Biz biliyoruz ki, böyle karanlık bir eşikte dehşete kapılmak yerine büyük bir rahatlık içinde gülmeyi yalnızca onlar başarabilirdi.
Halkın temsilcilerini Meclis'ten gönderecek olmanın “hazzını” ancak onlar yaşayabilirdi.
Bu kahkahalar her ne kadar ülkenin koyu bir faşizme sürüklenişine refakat ediyor görünse de, genel sağaltıcı etkisini de unutmamak lazım tabii.
Çünkü vekillerin tam da o koyuluğun yüklediği rahatsızlık verici durumdan sıyrılıp boşalmalarına ve uyum sağlamalarına, ezcümle hiç bir şey olmamış gibi hayatlarını idame ettirmelerine de katkıda bulunuyordu.
Biz o gün Meclis’te sanki Gestalt tedavisinden bir parça izledik.
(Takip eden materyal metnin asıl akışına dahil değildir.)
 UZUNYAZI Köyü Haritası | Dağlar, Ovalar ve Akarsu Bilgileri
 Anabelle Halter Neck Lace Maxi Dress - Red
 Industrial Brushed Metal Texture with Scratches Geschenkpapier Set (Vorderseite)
Kahkahalar şüphe ve sorgulamalara engel olan, hakikati gizleyen bir tiyatro işlevi görüyordu!
Ayrıca unutmayalım, olup biten karşısında kahkaha atmak yerine korkup dehşete kapılsalardı, yıkılmaz gibi görünen iktidarlarının zafiyetini hem aşağıya hem de yukarıya karşı ele verselerdi, daha parlak bir noktada olurlar mıydı sizce?
Nazi’lerin Almanya’da ilk açtıkları toplama kamplarından olan ve 30 binin üzerinde insanın ölümünden sorumlu tutulan Dachau üzerine üretilmiş fıkralardan birini bilen mutlaka vardır:
İki Alman yolda karşılaşır. Biri sorar; “seni tekrar gördüğüme sevindim. Toplama kampı nasıldı?”
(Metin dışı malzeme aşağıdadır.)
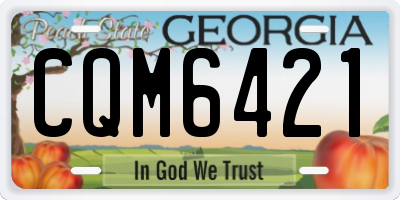 GA license plate CQM6421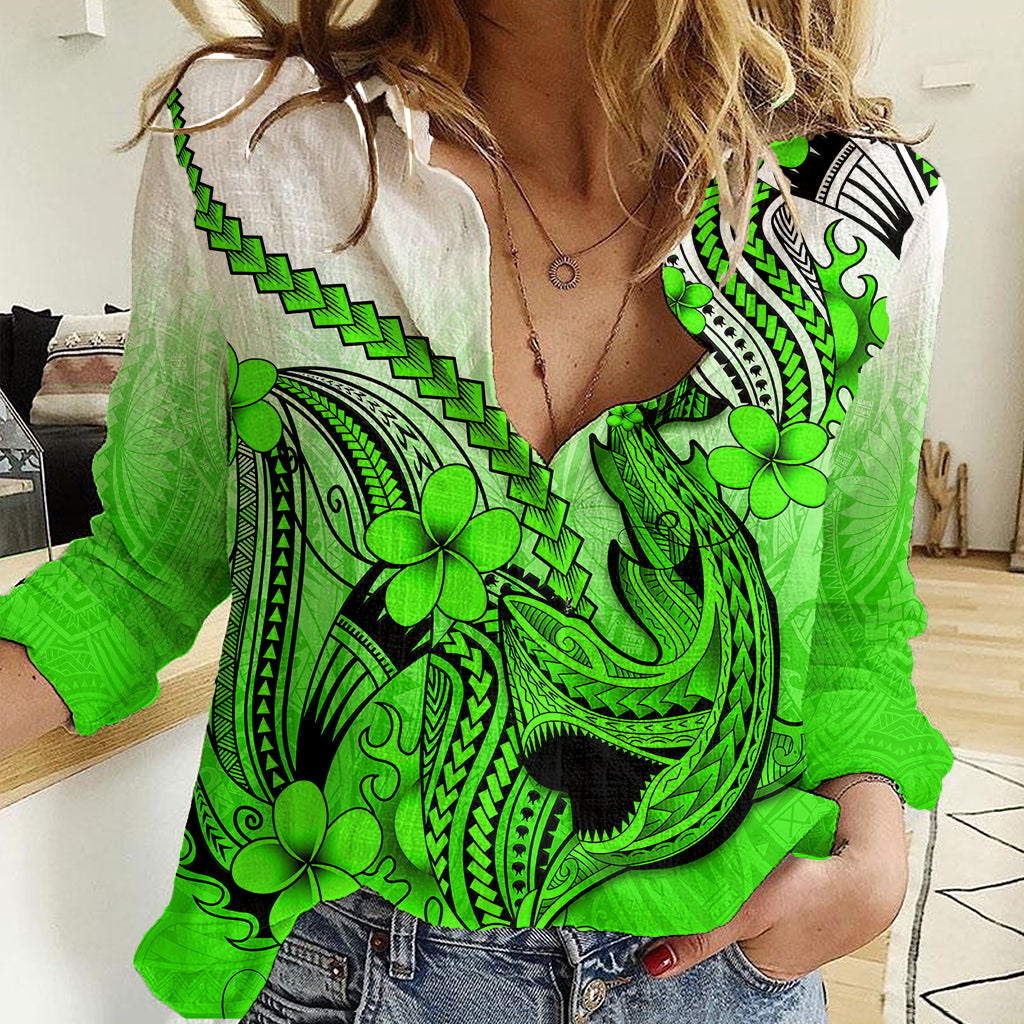 Hawaii Women Casual Shirt Polynesian Shark Tattoo With Plumeria Green Gradient LT14 Female Green - Polynesian Pride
Diğeri cevap verir: “Harika! Kahvaltı yatağına geliyor, istediğin kahve çeşidini ikram ediyorlar, öğlen menüsünde çorba, pirzola ve tatlı oluyordu. Öğleden sonraları oyunlar oynuyorduk. Ardından kek ve kahve saati geliyordu. Sonra biraz kestiriyor, akşam yemeğinin ardından da film izliyorduk.”
Adam duyduklarına inanamaz: “Vay canına! Geçenlerde kendisi de o kampta tutuklu olan Meyer’e rastladım. O bana çok farklı bir hikaye anlattı.”
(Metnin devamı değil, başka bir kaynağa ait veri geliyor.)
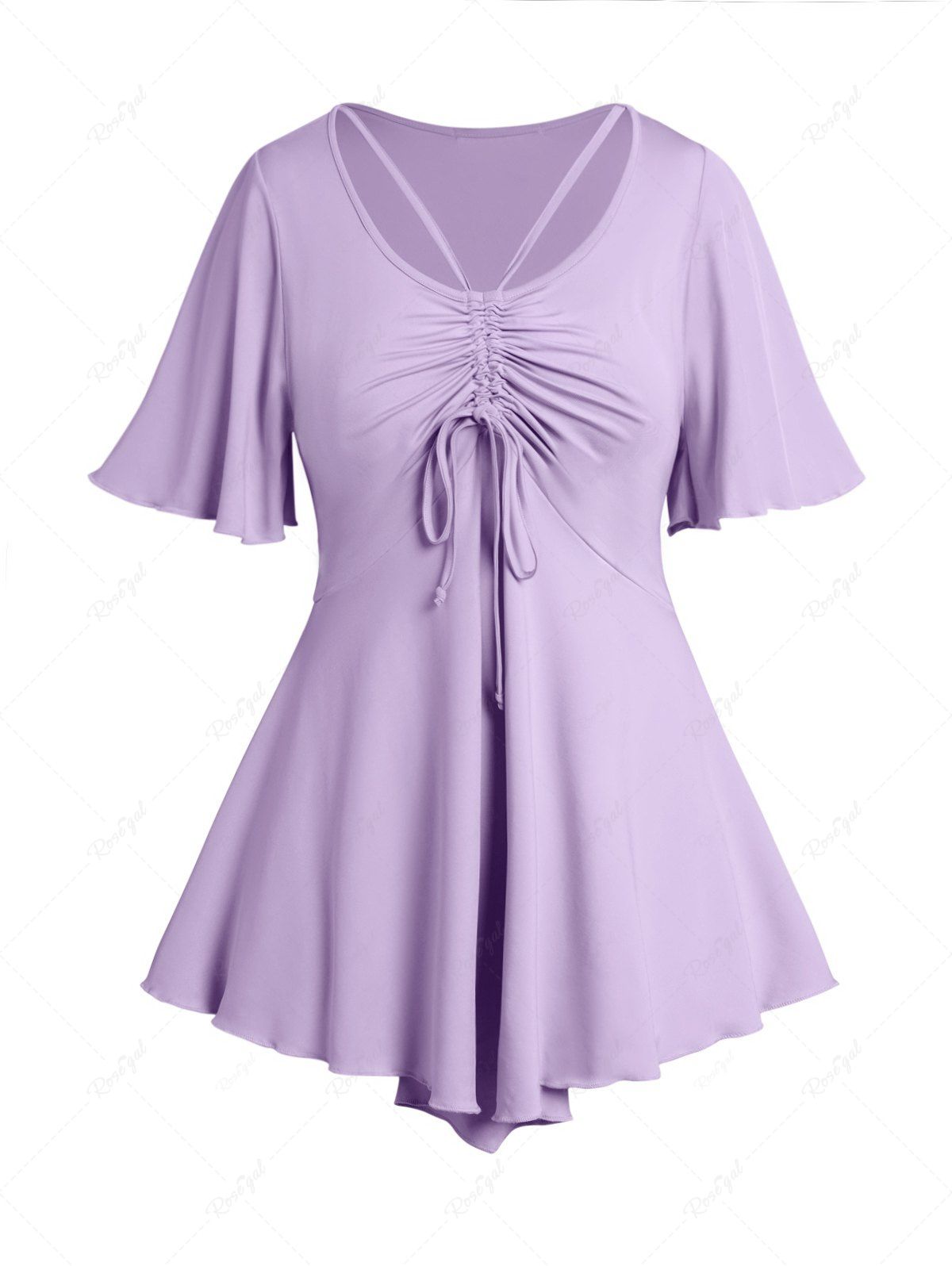 Latest Plus Size Cinched Ruched Pastel Color Cut Out Ruffle Sleeve Asymmetrical T Shirt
Bizimki ciddiyetle kafasını sallar ve tekrar söze girer:
“Evet, o yüzden onu tekrar içeri aldılar.”
Mizahın ve kahkahanın nerede ne amaçla devreye gireceğini, suçun altını çizmek üzere mi yoksa silmek üzere mi işlev göreceğini her zaman bilemeyiz.
“Kahkaha atacaksın” şeklinde bir 11. Emir de yoktur kutsal kitaplarda. Ancak Baskerville’li William gibiler bunun Ortaçağ İtalya’sında Rönesans’ı müjdeleyen bir nitelik taşıdığından haberdardılar.
Bizde ise bu cümle karanlık bir dönemin kapısını aralatan bir emir olmuştu sanki!
Dokunulmazlıkların kalkmasını mümkün kılan o oylamayla ilgili en kısa, öz ve anlamlı yorumlardan biri geçenlerde Twitter’daki bir hesaptan geldi:
“Meclise girmesinler ama dağa da çıkmasınlar, barışmayalım ama savaş da sürmesin, birlikte yaşamayalım ama ayrılmasınlar. Korkunç ama Evet.”
Evet, korkunç ama böyle!
İsteyen kahkahalarla gülebilir.
Bu mevzuları kahkaha eşliğinde hatırlamanın tabu olacağı günlerde döner bir daha bakarız o fotoğraflara!